Pour le centième anniversaire de ce pupille de la Nation, tué par la police allemande le 11 juillet 1944 près de Toulouse, où il avait fondé son réseau Morhange, une célébration est organisée à Châteaugay. En présence de sa famille, de nombreuses autorités et d'une délégation d'anciens résistants de Midi-Pyrénées.

Tous vont rendre hommage, devant sa tombe, à l'ancien chef de réseau, nommé Compagnon de la Libération à titre posthume, le 20 janvier 1946 par le général Charles de Gaulle.

Né le 25 mars 1911 à Condat-en-Combrailles, Marcel Taillandier a passé trois ans de sa petite enfance à Châtel-Guyon, avant de rejoindre Châteaugay. C'est là qu'il suivra sa scolarité.

À partir de 1922, il intègre l'école des enfants de troupe à Billom et ce, jusqu'en 1929. Cette année-là, il part au Mont-Valérien pour devenir ingénieur radio.

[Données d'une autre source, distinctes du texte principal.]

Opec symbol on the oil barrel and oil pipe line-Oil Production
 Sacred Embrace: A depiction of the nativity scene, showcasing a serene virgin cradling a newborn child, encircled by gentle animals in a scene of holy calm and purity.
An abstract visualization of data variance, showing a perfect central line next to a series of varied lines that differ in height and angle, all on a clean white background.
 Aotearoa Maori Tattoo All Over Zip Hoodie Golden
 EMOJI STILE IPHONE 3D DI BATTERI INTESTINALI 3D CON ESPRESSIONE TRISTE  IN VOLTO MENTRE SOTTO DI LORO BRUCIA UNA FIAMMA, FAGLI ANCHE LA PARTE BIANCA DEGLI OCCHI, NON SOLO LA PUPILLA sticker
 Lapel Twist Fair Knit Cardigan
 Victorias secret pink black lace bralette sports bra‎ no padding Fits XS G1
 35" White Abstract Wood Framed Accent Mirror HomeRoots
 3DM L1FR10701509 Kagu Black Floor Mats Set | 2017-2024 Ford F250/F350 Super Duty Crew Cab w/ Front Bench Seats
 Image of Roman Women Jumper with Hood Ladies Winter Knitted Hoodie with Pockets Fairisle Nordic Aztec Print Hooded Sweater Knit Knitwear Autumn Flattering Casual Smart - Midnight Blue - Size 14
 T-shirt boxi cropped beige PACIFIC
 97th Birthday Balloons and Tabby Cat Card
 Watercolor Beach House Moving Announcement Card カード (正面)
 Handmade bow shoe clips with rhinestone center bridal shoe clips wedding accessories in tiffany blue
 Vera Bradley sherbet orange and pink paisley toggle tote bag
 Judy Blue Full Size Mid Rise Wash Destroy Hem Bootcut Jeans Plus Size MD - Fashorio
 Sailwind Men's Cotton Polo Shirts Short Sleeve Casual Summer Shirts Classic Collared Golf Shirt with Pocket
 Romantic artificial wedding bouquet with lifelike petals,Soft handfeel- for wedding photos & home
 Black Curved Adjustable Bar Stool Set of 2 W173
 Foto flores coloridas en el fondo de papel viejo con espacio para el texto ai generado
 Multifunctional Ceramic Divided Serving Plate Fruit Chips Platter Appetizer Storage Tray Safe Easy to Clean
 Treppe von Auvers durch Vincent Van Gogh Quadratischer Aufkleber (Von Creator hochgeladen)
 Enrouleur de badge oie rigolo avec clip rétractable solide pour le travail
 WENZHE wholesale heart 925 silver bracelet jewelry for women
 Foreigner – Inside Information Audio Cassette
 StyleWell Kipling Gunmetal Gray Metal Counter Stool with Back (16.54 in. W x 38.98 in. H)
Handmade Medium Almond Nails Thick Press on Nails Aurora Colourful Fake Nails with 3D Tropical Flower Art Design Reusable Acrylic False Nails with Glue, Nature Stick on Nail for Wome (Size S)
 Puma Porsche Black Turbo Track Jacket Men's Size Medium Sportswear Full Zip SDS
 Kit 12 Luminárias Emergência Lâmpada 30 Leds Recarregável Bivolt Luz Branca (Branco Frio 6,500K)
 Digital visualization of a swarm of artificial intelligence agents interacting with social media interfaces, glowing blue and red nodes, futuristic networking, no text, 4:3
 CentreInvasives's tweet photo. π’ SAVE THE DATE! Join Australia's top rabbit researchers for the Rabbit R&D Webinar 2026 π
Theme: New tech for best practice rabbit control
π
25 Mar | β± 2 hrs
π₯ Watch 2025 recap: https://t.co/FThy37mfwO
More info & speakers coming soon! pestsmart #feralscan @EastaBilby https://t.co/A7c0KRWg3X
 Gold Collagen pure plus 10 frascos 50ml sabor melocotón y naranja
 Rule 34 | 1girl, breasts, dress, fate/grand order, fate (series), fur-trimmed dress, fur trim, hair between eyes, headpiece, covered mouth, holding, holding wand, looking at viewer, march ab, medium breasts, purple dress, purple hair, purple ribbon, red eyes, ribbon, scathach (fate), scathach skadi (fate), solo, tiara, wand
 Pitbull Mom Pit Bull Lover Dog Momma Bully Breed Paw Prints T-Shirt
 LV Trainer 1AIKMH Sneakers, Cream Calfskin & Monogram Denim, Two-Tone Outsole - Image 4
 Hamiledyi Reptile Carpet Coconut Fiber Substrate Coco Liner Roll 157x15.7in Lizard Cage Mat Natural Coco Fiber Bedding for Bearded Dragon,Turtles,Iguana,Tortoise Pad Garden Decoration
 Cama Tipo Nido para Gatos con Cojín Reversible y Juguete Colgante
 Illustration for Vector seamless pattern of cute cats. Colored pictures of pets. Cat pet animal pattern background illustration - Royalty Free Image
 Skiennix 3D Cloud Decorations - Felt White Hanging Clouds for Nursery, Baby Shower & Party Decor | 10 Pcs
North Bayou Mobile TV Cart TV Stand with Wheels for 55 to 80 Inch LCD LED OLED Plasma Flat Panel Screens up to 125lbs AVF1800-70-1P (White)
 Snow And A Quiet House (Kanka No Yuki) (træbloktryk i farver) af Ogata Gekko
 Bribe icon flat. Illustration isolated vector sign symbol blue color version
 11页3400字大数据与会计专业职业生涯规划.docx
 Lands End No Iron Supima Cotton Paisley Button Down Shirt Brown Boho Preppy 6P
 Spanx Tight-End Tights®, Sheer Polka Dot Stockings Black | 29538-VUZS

En 1932, direction le Génie, comme engagé volontaire, avant d'être affecté au service de la sécurité militaire en 1939. Puis il est nommé à un poste clé. Sous-officier radio-électricien, il rejoint en effet, dès le début de l'année 1940, la section du contre-espionnage du 5e Bureau. Puis vient le naufrage de la débâcle. Il se replie sur Toulouse où il entame une deuxième vie.

Dès juin 1940, il rallie les Forces françaises combattantes. Surtout, « fermement décidé à continuer le combat, il établit le contact avec le Service de camouflage du matériel de l'Armée et monte une équipe de volontaires spécialisés dans la récupération des matériels de guerre intéressants et la constitution de dépôts d'armes clandestines », écrira un proche.

« Il se consacre également à sa spécialité, la radio, dans la tour du château (de Brax, près de Toulouse), et installe un émetteur pour correspondre avec la zone occupée », apprend-t-on.

Début 1942, prenant le pseudonyme de Ricardo, il s'installe dans le Gers, où il poursuit ses activités, avant de revenir sur Toulouse en début d'année 1943.

C'est là qu'il va constituer le réseau Morhange. Avec une priorité : la chasse aux traîtres.